## DATA FOR PROCESSING
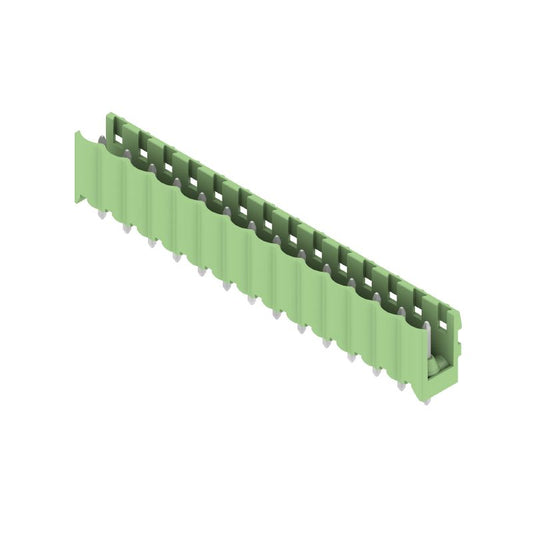 1410340000 - 14-Pole 5mm Green PCB Connector with 3.2mm Solder Pins  (Pack of 50)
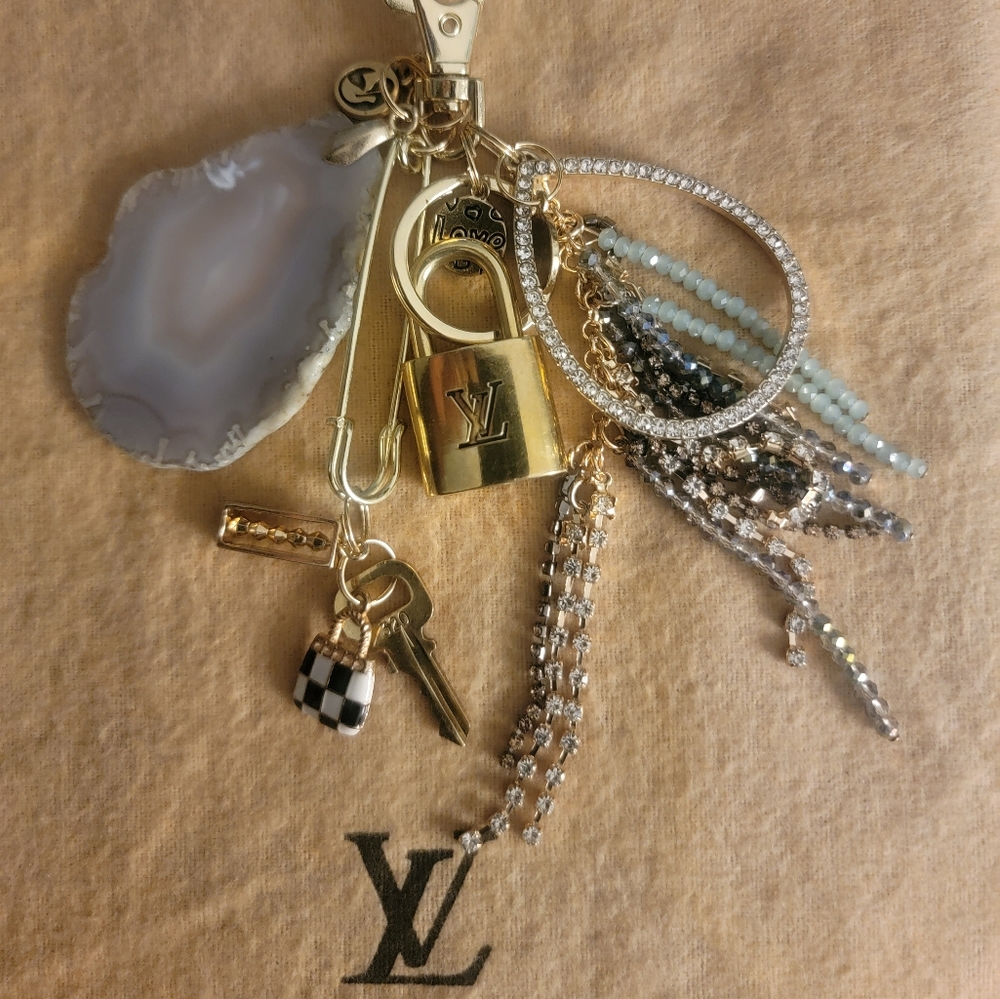 Louis Vuitton Lock & key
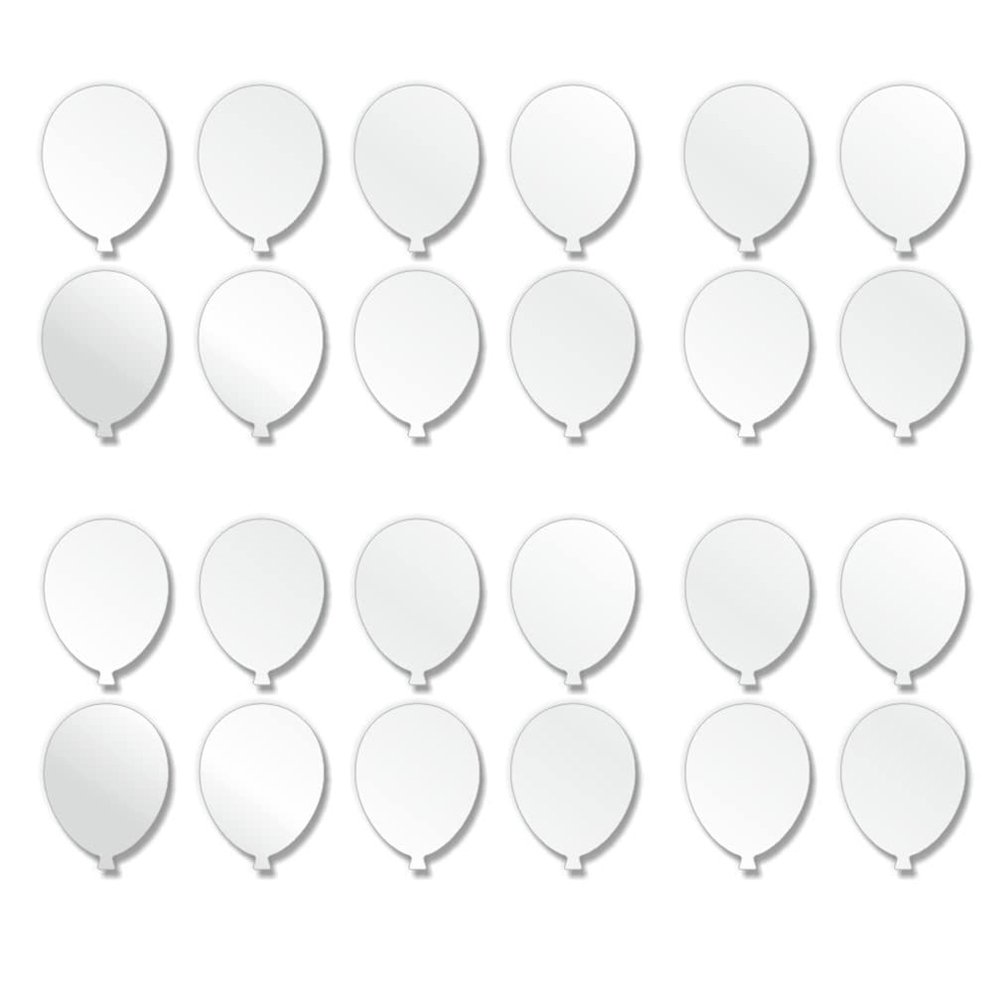 Balloon Acrylic Milestone Blanks,DIY Milestone Balloons Cards for Baby Photo Props,Baby Shower,Baby Keepsake,Wedding Decor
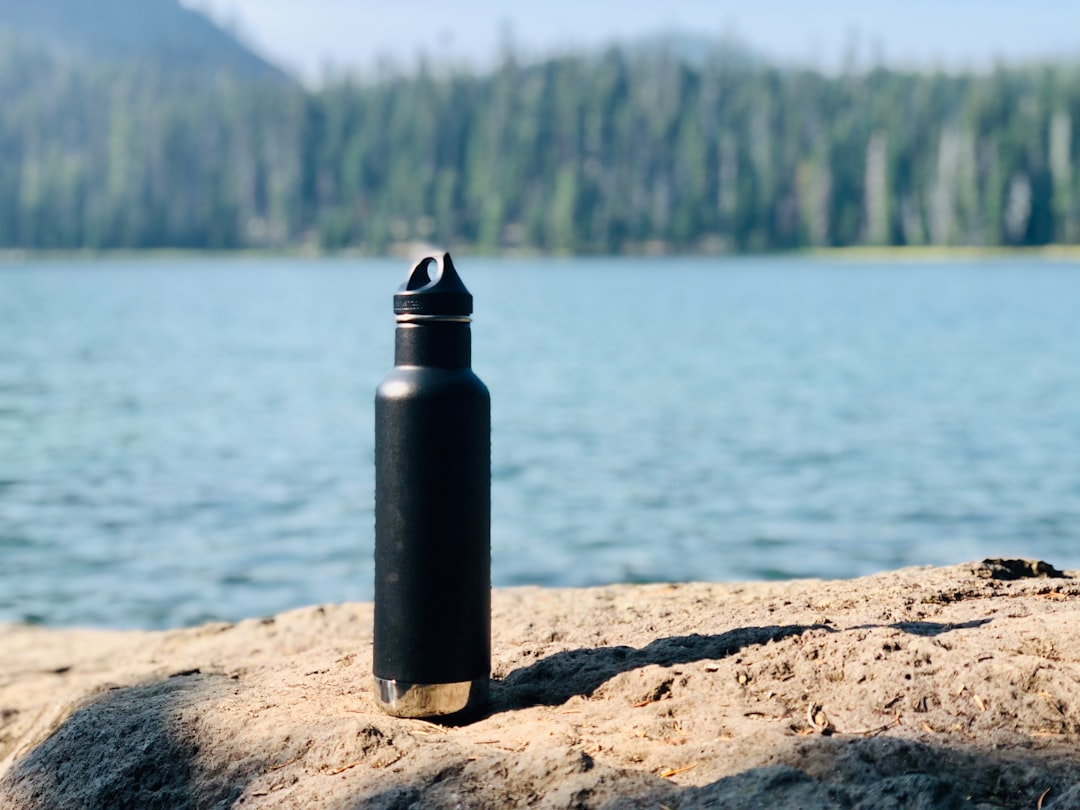 Insulated water bottle for sauna hydration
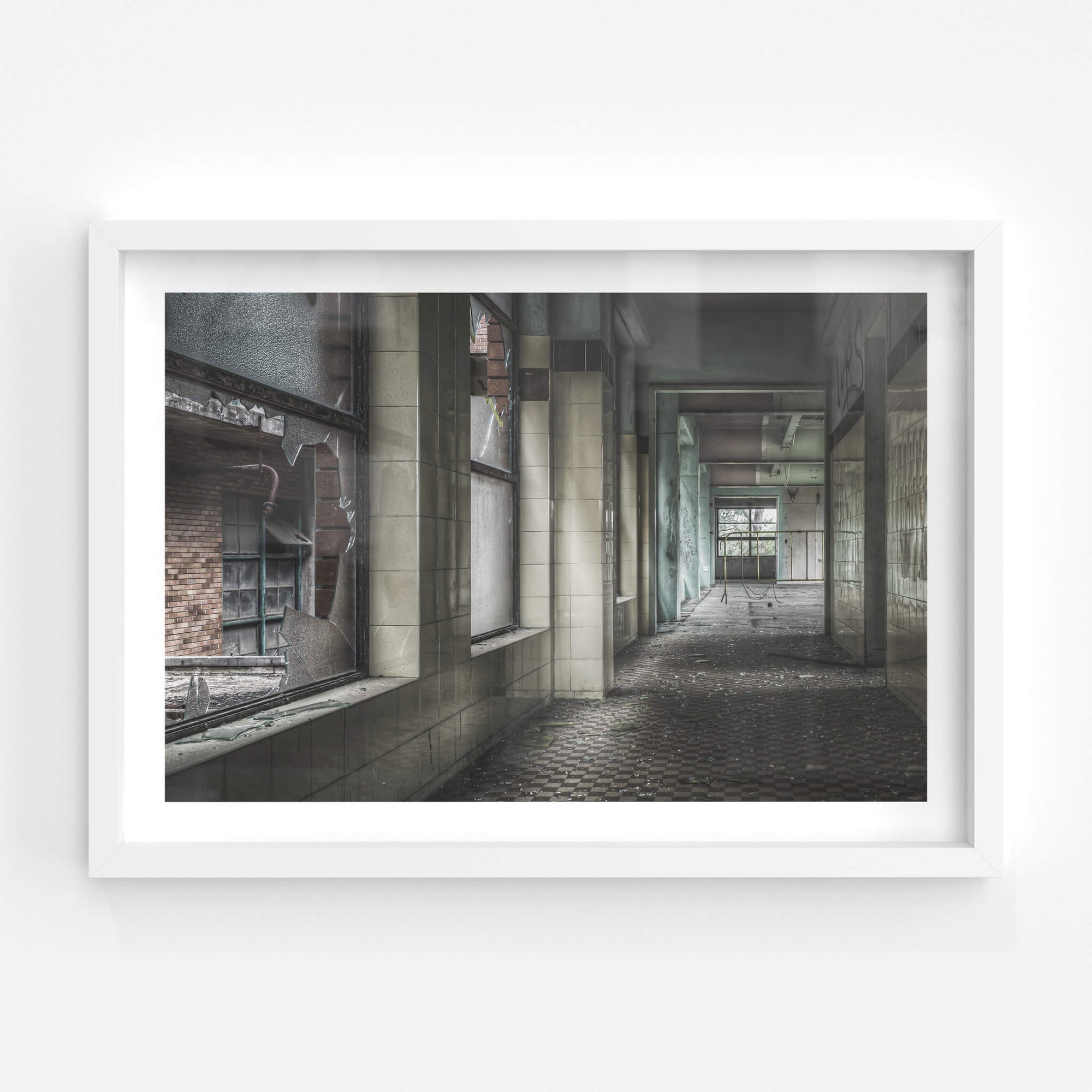 Electrical Control Room | Wangi Power Station Fine Art Print - Lost Collective Shop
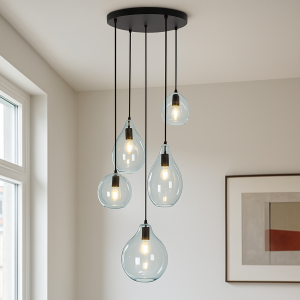 Suspension bleue design, Cees
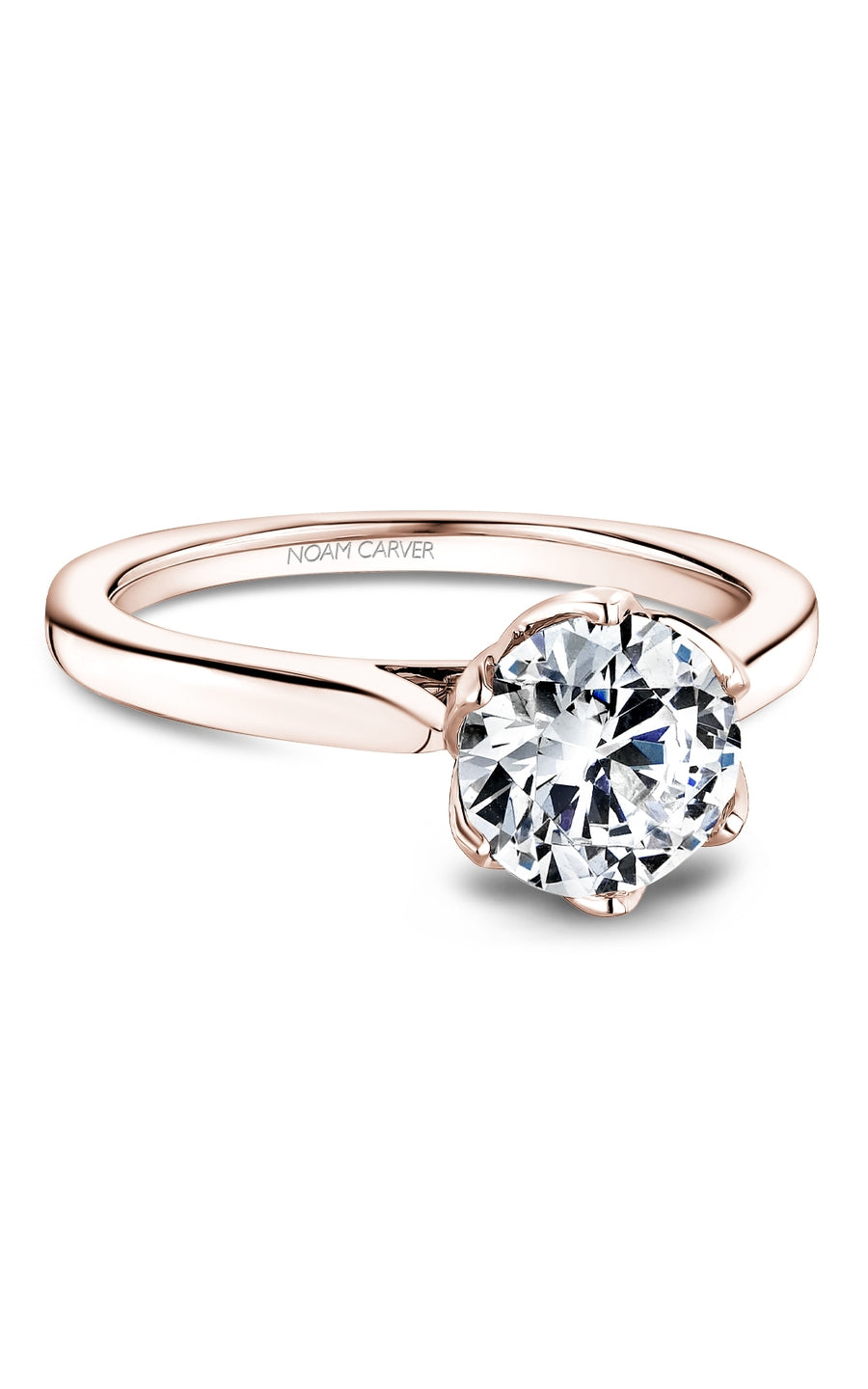 Noam Carver Bridal Engagement Ring R078-01RA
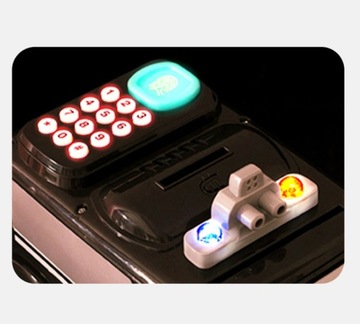 АВТОМОБИЛЬНАЯ КОПИЛКА ДЛЯ КОМБИНИРОВАННОГО СЕЙФА ТЯНЕТ БАНКНОТЫ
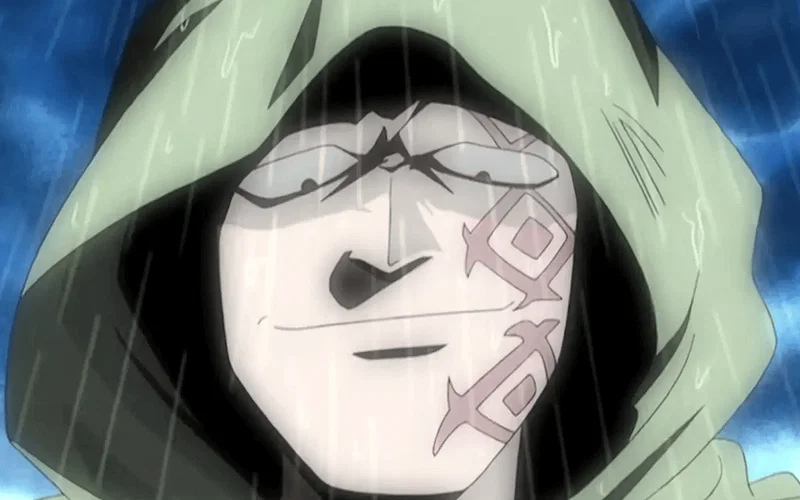 Monkey D Dragon from One Piece.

## WORK REQUIRED
The lines to retype run from the one containing "Balloon Acrylic Milestone" through the last line of the records above; write them exactly and skip the pictures.

## RESPONSE FOR THIS EXERCISE
 Balloon Acrylic Milestone Blanks,DIY Milestone Balloons Cards for Baby Photo Props,Baby Shower,Baby Keepsake,Wedding Decor
 Insulated water bottle for sauna hydration
 Electrical Control Room | Wangi Power Station Fine Art Print - Lost Collective Shop
 Suspension bleue design, Cees
 Noam Carver Bridal Engagement Ring R078-01RA
 АВТОМОБИЛЬНАЯ КОПИЛКА ДЛЯ КОМБИНИРОВАННОГО СЕЙФА ТЯНЕТ БАНКНОТЫ
 Monkey D Dragon from One Piece.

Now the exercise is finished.